Source data:
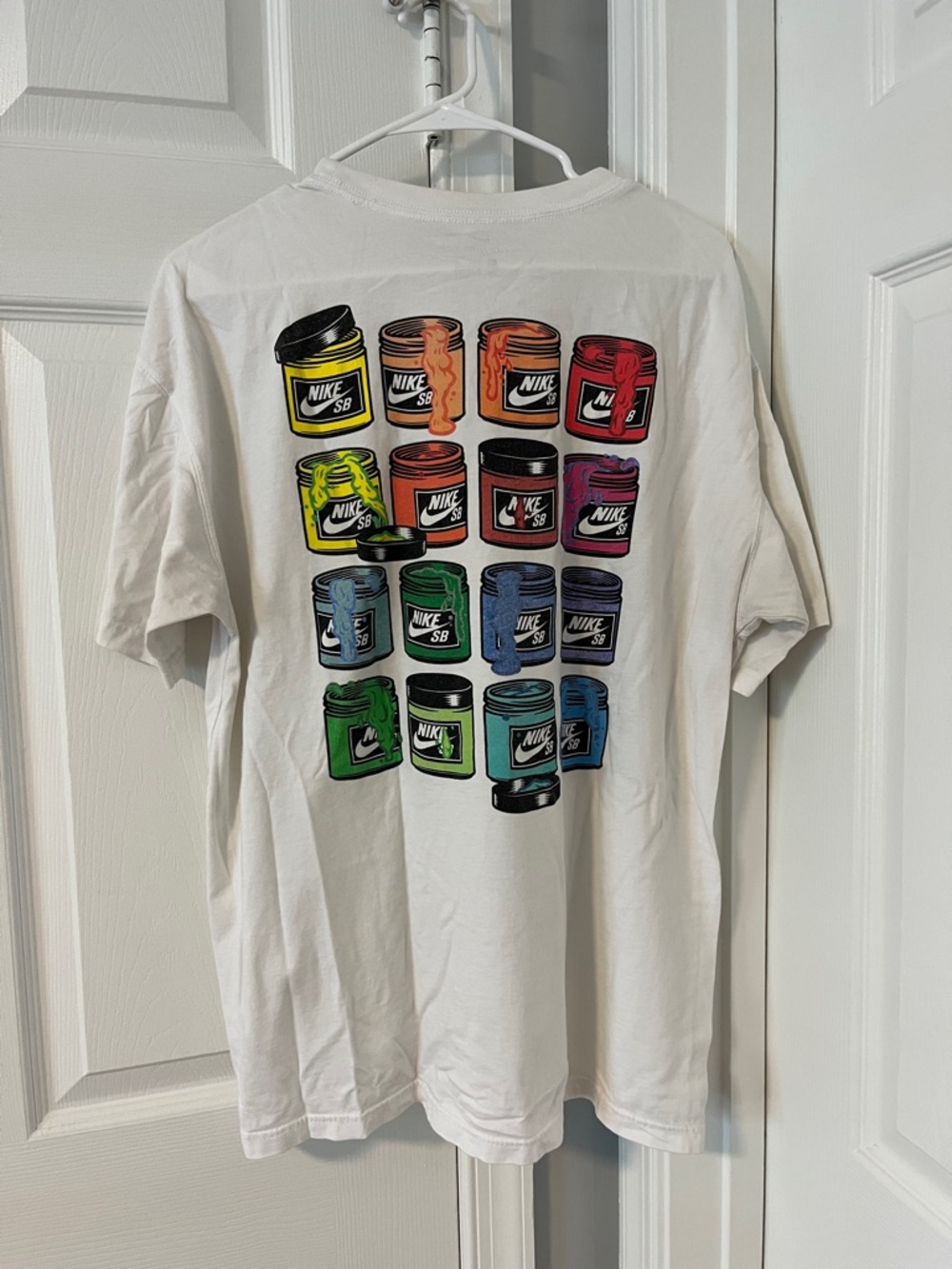 Nike White Short Sleeve Tee with Blue SB Graphic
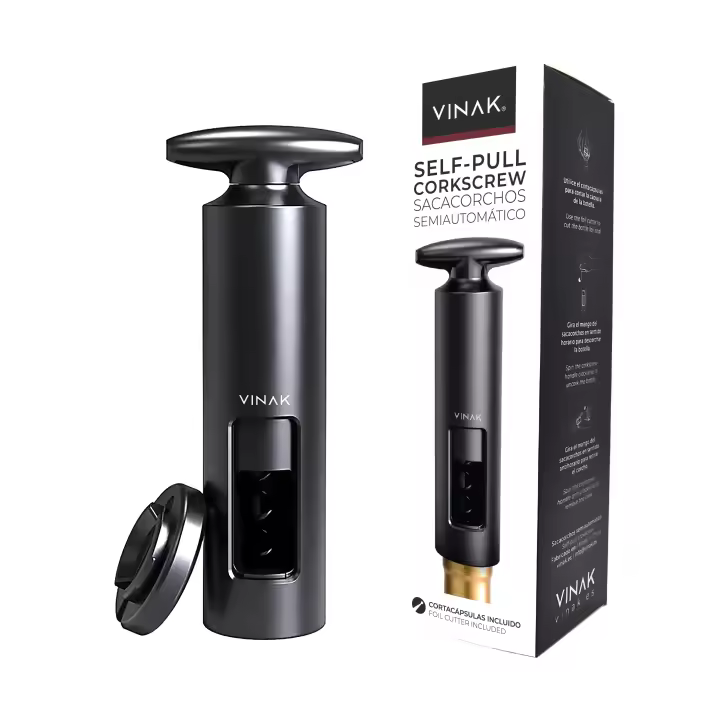 Sacacorchos manual VINAK con cortacápsulas incluido  Abridor muy fácil de utilizar  Abrebotellas de vino manual perfecto para casa, restaurante o bar - 1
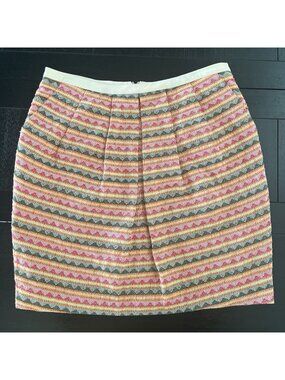 Sunday in Brooklyn Anthropologie mini skirt Preppy size S Leather waist pockets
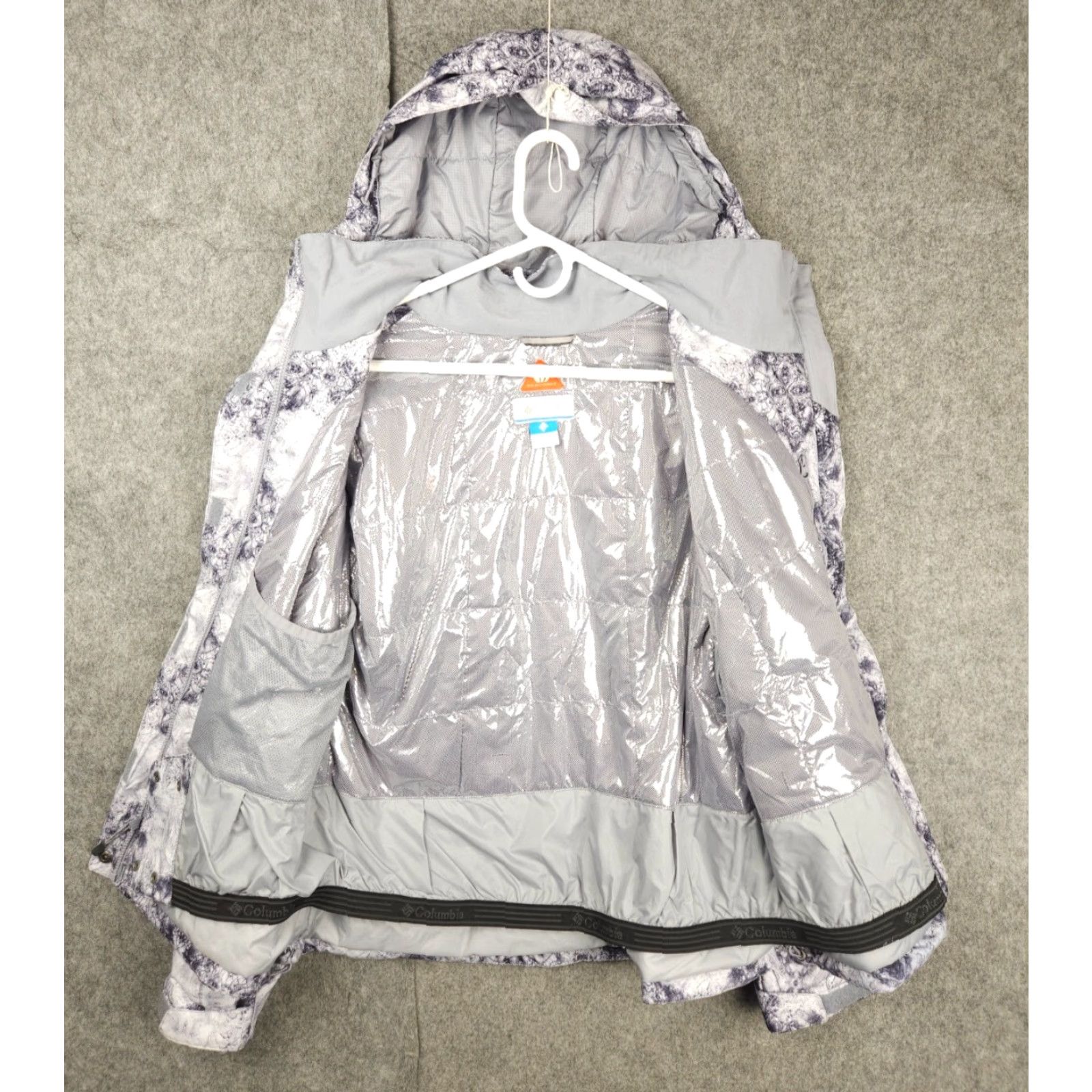 Vintage Columbia Snow Gem Jacket Women's Large Gray Abstract AOP Omni Heat Puffer Size L / US 10 / IT 46 - 4 Thumbnail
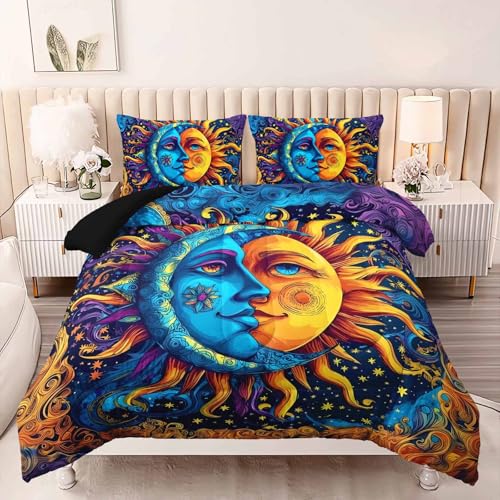 Image of AILONEN Sun and Moon Comforter Set Queen, Sun Moon Celestial Psychedelic Boho Bedding Set,Blue Yelow Star Comforter with 2 Pillowcases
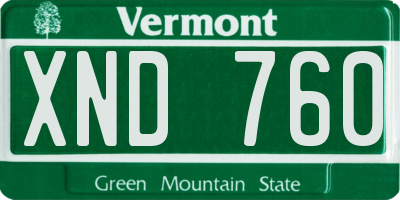 VT license plate XND760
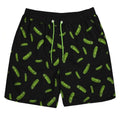Front - Rick And Morty Mens Pickle Rick Swim Shorts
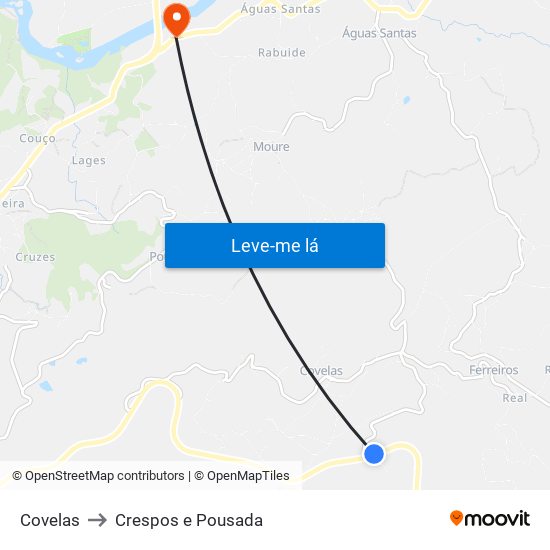 Covelas to Crespos e Pousada map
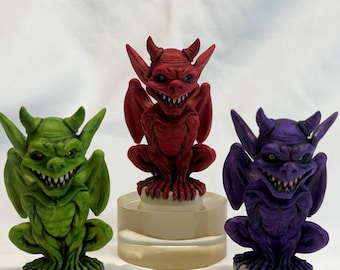 Neil Eyre Eyredesigns 2026 Halloween Horror Gargoyle Red Grey Stone Green Purple Always Hand made USA Signed and Numbered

Try it: The lines to write out run from the one containing "Front - Rick" through the final line of the material above, both included; write them out exactly, with no pictures.

Exercise result:
Front - Rick And Morty Mens Pickle Rick Swim Shorts
 Covelas to Crespos e Pousada map
 Neil Eyre Eyredesigns 2026 Halloween Horror Gargoyle Red Grey Stone Green Purple Always Hand made USA Signed and Numbered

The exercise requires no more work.